**HOW TO COMPLETE THIS TASK**
Keep the pictures out of the copy and repeat the records exactly.

(Pictures with short captions)
┌────────

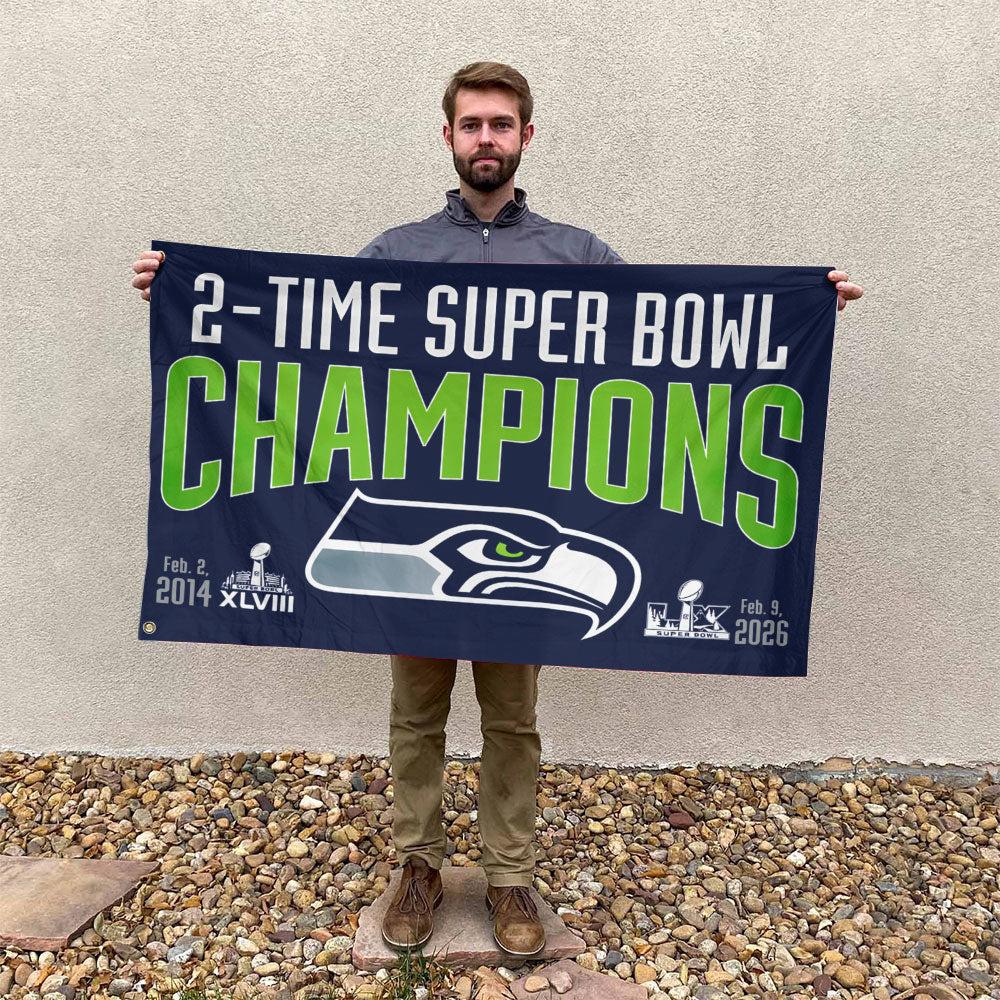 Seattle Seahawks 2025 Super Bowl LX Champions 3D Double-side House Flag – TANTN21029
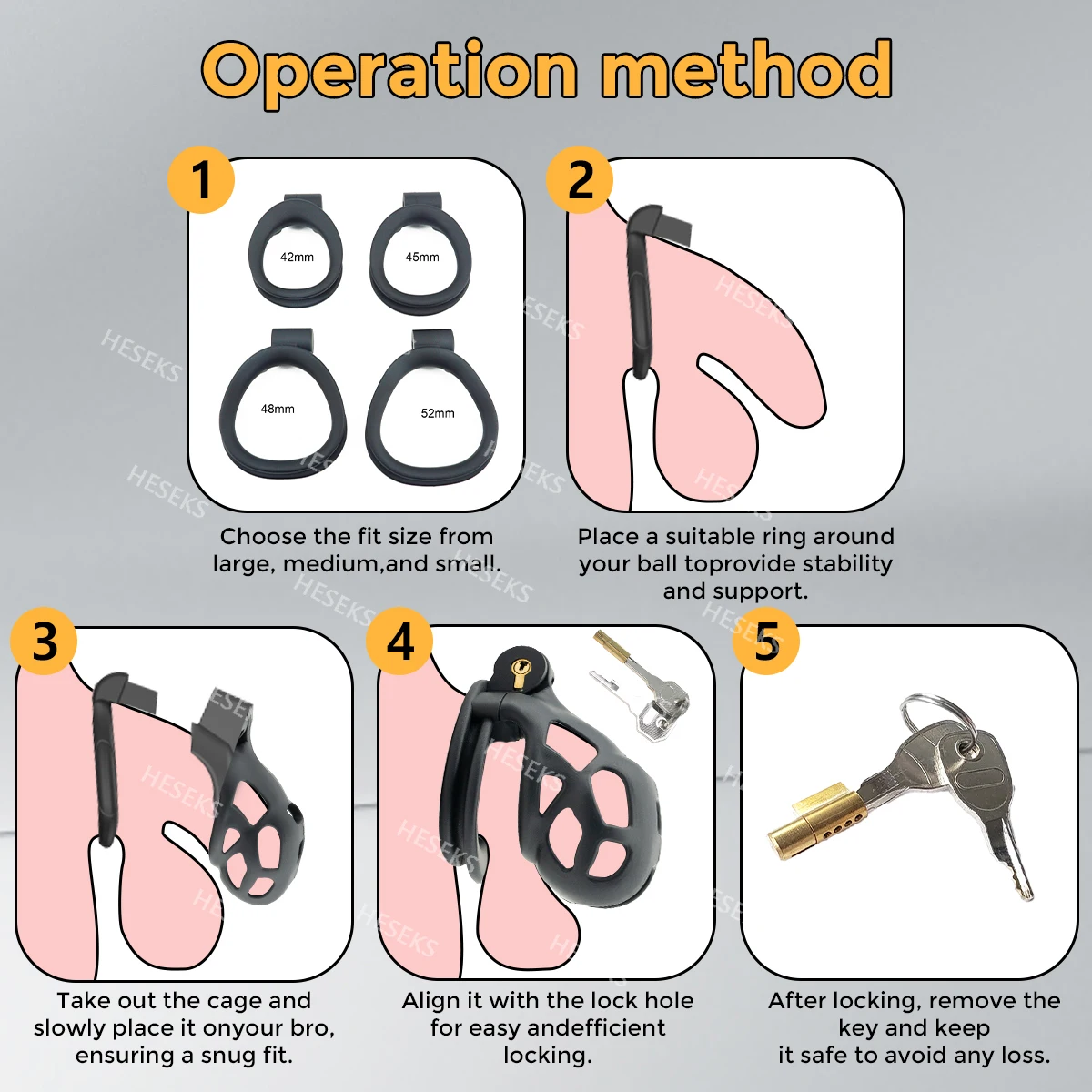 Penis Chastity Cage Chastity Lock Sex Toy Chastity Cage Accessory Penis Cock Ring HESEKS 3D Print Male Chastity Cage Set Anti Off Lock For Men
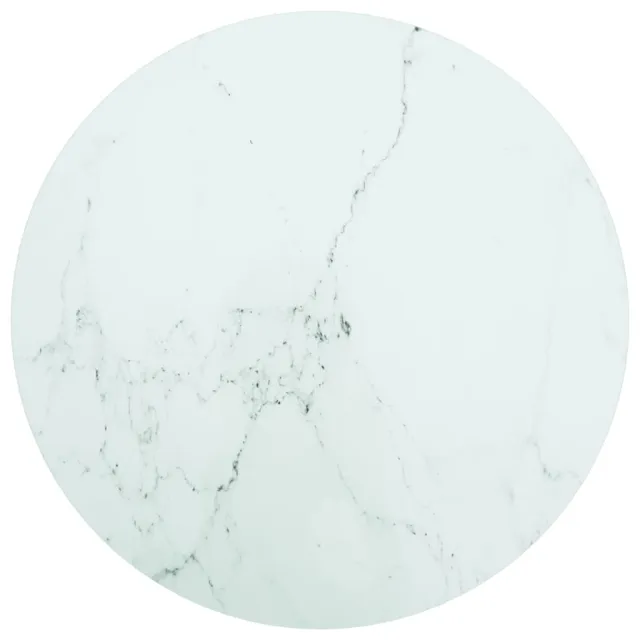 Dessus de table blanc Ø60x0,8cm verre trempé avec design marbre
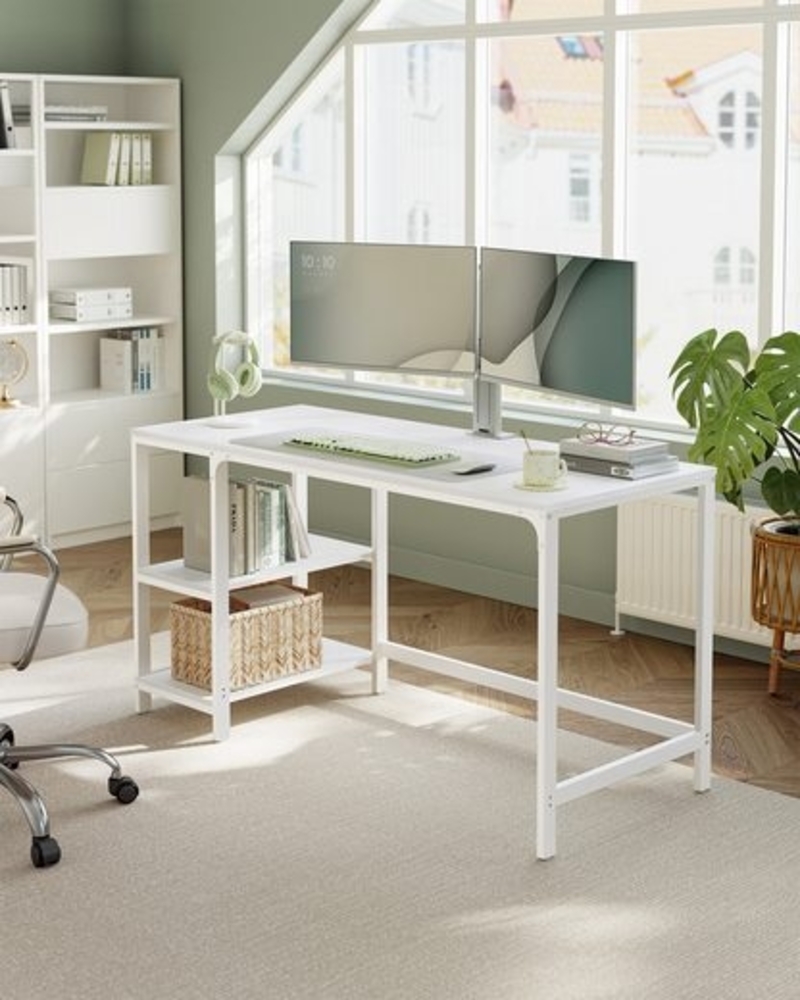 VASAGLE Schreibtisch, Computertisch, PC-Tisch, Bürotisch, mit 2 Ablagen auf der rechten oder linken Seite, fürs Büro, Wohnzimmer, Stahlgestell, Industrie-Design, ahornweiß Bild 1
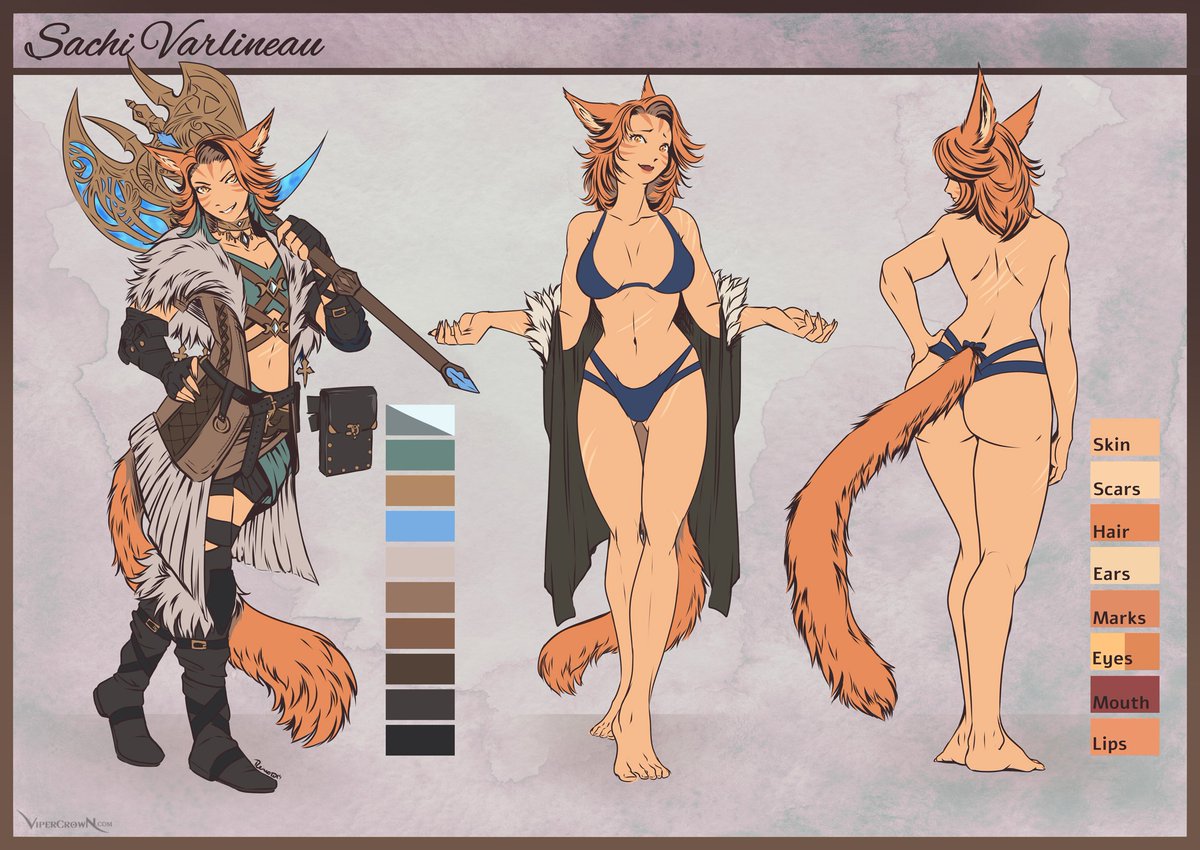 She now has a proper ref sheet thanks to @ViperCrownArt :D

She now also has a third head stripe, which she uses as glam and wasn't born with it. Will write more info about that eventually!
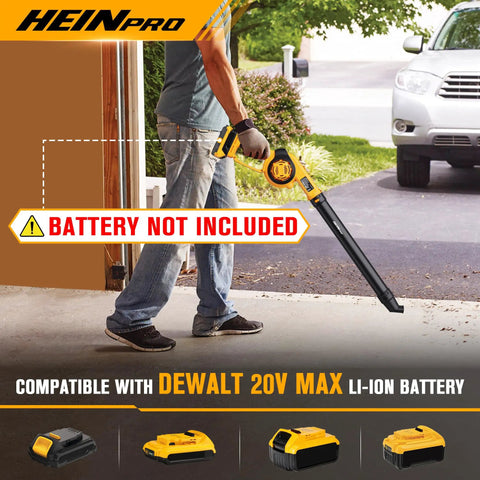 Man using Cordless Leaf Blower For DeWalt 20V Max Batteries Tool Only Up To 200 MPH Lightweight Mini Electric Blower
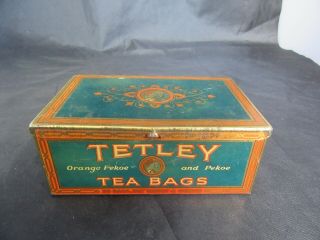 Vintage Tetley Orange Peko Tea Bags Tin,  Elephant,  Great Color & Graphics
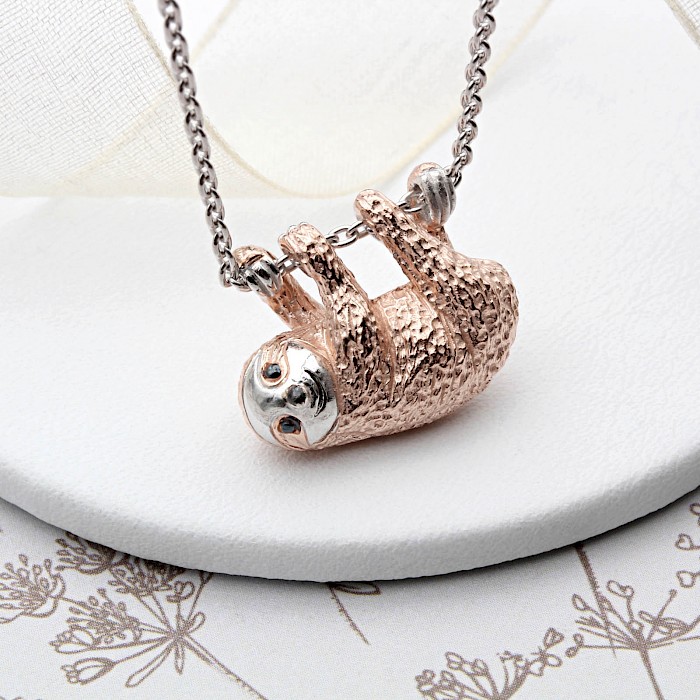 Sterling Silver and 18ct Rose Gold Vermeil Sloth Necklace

└────────

**TASK OUTPUT**
 Seattle Seahawks 2025 Super Bowl LX Champions 3D Double-side House Flag – TANTN21029
 Penis Chastity Cage Chastity Lock Sex Toy Chastity Cage Accessory Penis Cock Ring HESEKS 3D Print Male Chastity Cage Set Anti Off Lock For Men
 Dessus de table blanc Ø60x0,8cm verre trempé avec design marbre
 VASAGLE Schreibtisch, Computertisch, PC-Tisch, Bürotisch, mit 2 Ablagen auf der rechten oder linken Seite, fürs Büro, Wohnzimmer, Stahlgestell, Industrie-Design, ahornweiß Bild 1
 She now has a proper ref sheet thanks to @ViperCrownArt :D

She now also has a third head stripe, which she uses as glam and wasn't born with it. Will write more info about that eventually!
 Man using Cordless Leaf Blower For DeWalt 20V Max Batteries Tool Only Up To 200 MPH Lightweight Mini Electric Blower
 Vintage Tetley Orange Peko Tea Bags Tin,  Elephant,  Great Color & Graphics
 Sterling Silver and 18ct Rose Gold Vermeil Sloth Necklace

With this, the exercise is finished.